I must admit I’m not a regular church goer, but I just LOVE Christmas Eve service. The music gives me goose bumps, and the church seems more colorful than usual… maybe with the brilliant poinsettias adorning the altar. And my favorite part is when they light a single candle at the end of each pew, and one by one the candles are lit throughout the congregation, and the church begins to glow. It actually gets me choked up for some reason.

But there’s something else about Christmas Eve.

December 24th was my grandmother’s birthday. And anybody who knew her would say she was an angel on earth — always thinking of others. And when you spent time with her, everything was right in the world. She had the sweetest smile, and when she laughed it made you laugh… and I miss her dearly.

Snowman Gram

She was kind of silly too. When we were kids she’d fry up pieces of baloney, and cut them into triangular slices and tell us it was our “Baloney Pizza.” She’d serve it with toothpicks and we just loved that. And she’d always come up from the basement carrying a big pink plastic bin, and dump it upside down in the living room…and we’d watch, as a load of toys would spill out all over the floor. She even let us unlock her glass cabinet in the dining room, against our mother’s wishes, and was perfectly calm as we handled her fine glass collectibles. It was a treat, like exploring a treasure chest.

And knowing grandma…if she was sitting next to me in church on December 24th, she’d be sure to say it was the most beautiful birthday gift she could ever ask for.

Well, a few years ago I wandered into church on Christmas Eve just a few minutes before the service began. I was lucky there was room…at the inn. (See how I made a funny there?) I sat down in the last pew towards the back, and made sure to move in as far as I could just in case there were other latecomers like me.

Just as the service began, an elderly woman came in from the cold and sat down next to me. She turned and smiled. I was taken aback because she reminded me so much of my grandmother. I actually had to force myself not to stare.

When the minister asked the congregation to greet your neighbor, I attempted to shake her hand. But instead, she placed her palm under mine and patted the top of my hand. My grandmother always did that when we’d sit and chat. It was her thing.

Throughout the service I couldn’t help but notice her mannerisms, and I felt like my grandmother was sitting right there with me.

When it was time to leave, we were the first ones out the door since we were in the back. She turned to the right and I veered to the left as we headed to our cars. I was a little nervous because it had started snowing and I was praying she’d make it home safely. I couldn’t help but keep an eye on her as she walked away – making sure she had her footing.

When we were about 20 feet from the door of the church she stopped suddenly. She turned around and looked at me. “Look!” she yelled over, “Have you ever seen snowflakes like this before?!”
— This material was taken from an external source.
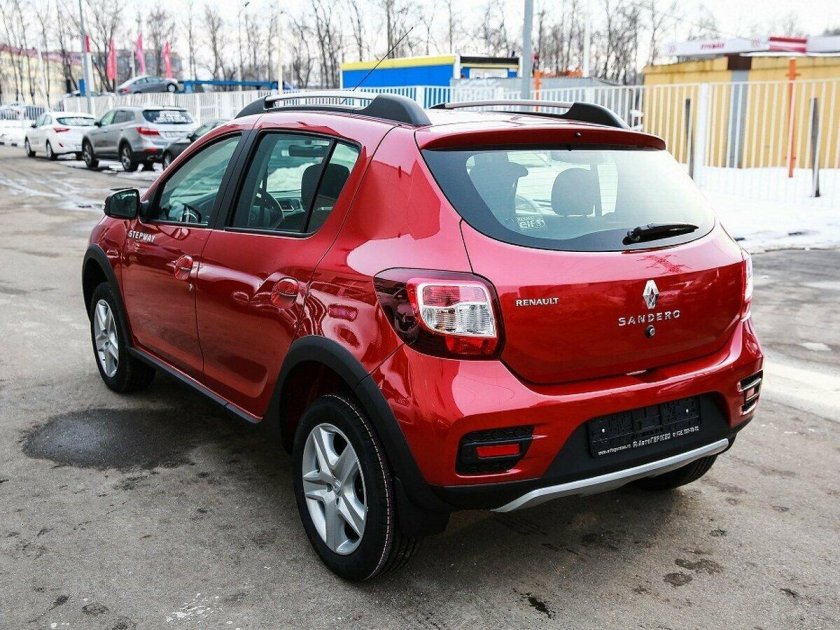 Renault Sandero Stepway красный
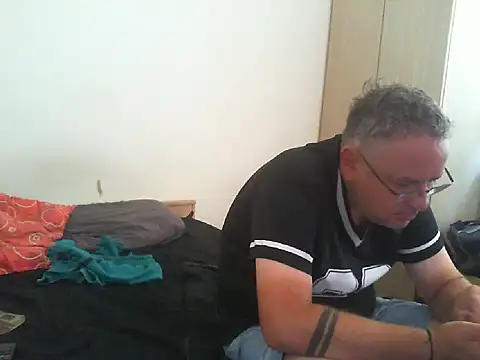 GeorgeCarlo online show from June 11, 6:11 am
I walked over to her and we looked up into the sky and watched the snow fall. I said “They’re really beautiful aren’t they? The snowflakes are so big!”

Then, with a glimmer in her eye, she said “Do you know what I want to do right now? I want to go home and build a snowman.”

I inquired “Then, why don’t you?”

Her answer, “Well, what would people think? I live on a corner lot. Everyone would see me and they’d say ‘Who’s that crazy old lady building a snowman?’”

It was at that moment I remembered the last bit of advice my grandmother had given me before she passed. She said “Remember, you don’t have to answer to anyone but yourself.  Always be true to yourself.” …something I’d lost sight of lately.

So I turned to the woman and said “So what. Who cares what they’d say? BUILD IT ANYWAY!”

She smiled a familiar smile, and said “Ya know what? I think I will! Merry Christmas!”

And that was, to this day, one of the best Christmas presents I’ve ever received.
“And may I wish, a very Merry Christmas to you too!”